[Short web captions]
——————————
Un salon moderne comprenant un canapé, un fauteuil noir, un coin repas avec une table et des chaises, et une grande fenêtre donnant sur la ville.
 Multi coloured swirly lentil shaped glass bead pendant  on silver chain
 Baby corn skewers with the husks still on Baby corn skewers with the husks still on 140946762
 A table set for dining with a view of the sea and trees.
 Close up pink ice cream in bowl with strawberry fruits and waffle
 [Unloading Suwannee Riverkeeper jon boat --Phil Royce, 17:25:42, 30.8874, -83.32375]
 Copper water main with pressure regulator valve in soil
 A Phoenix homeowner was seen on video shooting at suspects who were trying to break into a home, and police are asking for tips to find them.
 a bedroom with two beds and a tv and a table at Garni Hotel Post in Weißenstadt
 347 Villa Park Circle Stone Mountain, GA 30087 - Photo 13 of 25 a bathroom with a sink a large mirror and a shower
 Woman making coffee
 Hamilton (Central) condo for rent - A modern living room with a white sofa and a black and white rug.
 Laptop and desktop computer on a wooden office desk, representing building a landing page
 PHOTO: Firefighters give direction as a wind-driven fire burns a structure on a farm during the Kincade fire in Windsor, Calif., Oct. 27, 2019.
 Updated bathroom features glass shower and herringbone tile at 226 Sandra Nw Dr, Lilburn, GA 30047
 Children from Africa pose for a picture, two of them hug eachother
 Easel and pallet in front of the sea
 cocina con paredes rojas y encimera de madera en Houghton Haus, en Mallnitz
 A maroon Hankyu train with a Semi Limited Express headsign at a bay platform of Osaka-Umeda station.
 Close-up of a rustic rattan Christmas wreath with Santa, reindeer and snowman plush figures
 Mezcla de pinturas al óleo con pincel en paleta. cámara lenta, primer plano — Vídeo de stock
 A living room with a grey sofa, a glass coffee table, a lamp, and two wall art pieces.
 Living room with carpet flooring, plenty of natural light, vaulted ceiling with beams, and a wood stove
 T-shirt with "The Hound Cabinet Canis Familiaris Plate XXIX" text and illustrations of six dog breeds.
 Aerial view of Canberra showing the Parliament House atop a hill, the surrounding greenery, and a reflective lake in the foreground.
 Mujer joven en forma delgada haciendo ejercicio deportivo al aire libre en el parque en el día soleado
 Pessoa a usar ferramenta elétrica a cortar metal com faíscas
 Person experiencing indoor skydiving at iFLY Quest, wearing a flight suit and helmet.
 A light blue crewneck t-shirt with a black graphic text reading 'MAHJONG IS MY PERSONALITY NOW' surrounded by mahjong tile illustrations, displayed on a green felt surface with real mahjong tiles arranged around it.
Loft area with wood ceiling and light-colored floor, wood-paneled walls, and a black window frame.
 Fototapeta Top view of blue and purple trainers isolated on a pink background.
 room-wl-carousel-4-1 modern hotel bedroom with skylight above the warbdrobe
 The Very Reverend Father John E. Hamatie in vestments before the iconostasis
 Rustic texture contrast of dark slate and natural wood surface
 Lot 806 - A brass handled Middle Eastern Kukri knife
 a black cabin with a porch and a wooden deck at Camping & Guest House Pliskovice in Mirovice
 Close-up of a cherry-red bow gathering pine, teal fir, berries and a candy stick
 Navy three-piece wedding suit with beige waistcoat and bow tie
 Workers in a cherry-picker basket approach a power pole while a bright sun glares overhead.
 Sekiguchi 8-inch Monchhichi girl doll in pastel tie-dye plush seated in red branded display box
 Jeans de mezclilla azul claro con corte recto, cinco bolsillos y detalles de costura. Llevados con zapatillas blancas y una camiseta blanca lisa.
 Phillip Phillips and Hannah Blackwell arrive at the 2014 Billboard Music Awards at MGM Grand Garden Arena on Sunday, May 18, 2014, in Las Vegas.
——————————
Until the last line is reached, keep transcribing the data exactly.

Un salon moderne comprenant un canapé, un fauteuil noir, un coin repas avec une table et des chaises, et une grande fenêtre donnant sur la ville.
 Multi coloured swirly lentil shaped glass bead pendant  on silver chain
 Baby corn skewers with the husks still on Baby corn skewers with the husks still on 140946762
 A table set for dining with a view of the sea and trees.
 Close up pink ice cream in bowl with strawberry fruits and waffle
 [Unloading Suwannee Riverkeeper jon boat --Phil Royce, 17:25:42, 30.8874, -83.32375]
 Copper water main with pressure regulator valve in soil
 A Phoenix homeowner was seen on video shooting at suspects who were trying to break into a home, and police are asking for tips to find them.
 a bedroom with two beds and a tv and a table at Garni Hotel Post in Weißenstadt
 347 Villa Park Circle Stone Mountain, GA 30087 - Photo 13 of 25 a bathroom with a sink a large mirror and a shower
 Woman making coffee
 Hamilton (Central) condo for rent - A modern living room with a white sofa and a black and white rug.
 Laptop and desktop computer on a wooden office desk, representing building a landing page
 PHOTO: Firefighters give direction as a wind-driven fire burns a structure on a farm during the Kincade fire in Windsor, Calif., Oct. 27, 2019.
 Updated bathroom features glass shower and herringbone tile at 226 Sandra Nw Dr, Lilburn, GA 30047
 Children from Africa pose for a picture, two of them hug eachother
 Easel and pallet in front of the sea
 cocina con paredes rojas y encimera de madera en Houghton Haus, en Mallnitz
 A maroon Hankyu train with a Semi Limited Express headsign at a bay platform of Osaka-Umeda station.
 Close-up of a rustic rattan Christmas wreath with Santa, reindeer and snowman plush figures
 Mezcla de pinturas al óleo con pincel en paleta. cámara lenta, primer plano — Vídeo de stock
 A living room with a grey sofa, a glass coffee table, a lamp, and two wall art pieces.
 Living room with carpet flooring, plenty of natural light, vaulted ceiling with beams, and a wood stove
 T-shirt with "The Hound Cabinet Canis Familiaris Plate XXIX" text and illustrations of six dog breeds.
 Aerial view of Canberra showing the Parliament House atop a hill, the surrounding greenery, and a reflective lake in the foreground.
 Mujer joven en forma delgada haciendo ejercicio deportivo al aire libre en el parque en el día soleado
 Pessoa a usar ferramenta elétrica a cortar metal com faíscas
 Person experiencing indoor skydiving at iFLY Quest, wearing a flight suit and helmet.
 A light blue crewneck t-shirt with a black graphic text reading 'MAHJONG IS MY PERSONALITY NOW' surrounded by mahjong tile illustrations, displayed on a green felt surface with real mahjong tiles arranged around it.
Loft area with wood ceiling and light-colored floor, wood-paneled walls, and a black window frame.
 Fototapeta Top view of blue and purple trainers isolated on a pink background.
 room-wl-carousel-4-1 modern hotel bedroom with skylight above the warbdrobe
 The Very Reverend Father John E. Hamatie in vestments before the iconostasis
 Rustic texture contrast of dark slate and natural wood surface
 Lot 806 - A brass handled Middle Eastern Kukri knife
 a black cabin with a porch and a wooden deck at Camping & Guest House Pliskovice in Mirovice
 Close-up of a cherry-red bow gathering pine, teal fir, berries and a candy stick
 Navy three-piece wedding suit with beige waistcoat and bow tie
 Workers in a cherry-picker basket approach a power pole while a bright sun glares overhead.
 Sekiguchi 8-inch Monchhichi girl doll in pastel tie-dye plush seated in red branded display box
 Jeans de mezclilla azul claro con corte recto, cinco bolsillos y detalles de costura. Llevados con zapatillas blancas y una camiseta blanca lisa.
 Phillip Phillips and Hannah Blackwell arrive at the 2014 Billboard Music Awards at MGM Grand Garden Arena on Sunday, May 18, 2014, in Las Vegas.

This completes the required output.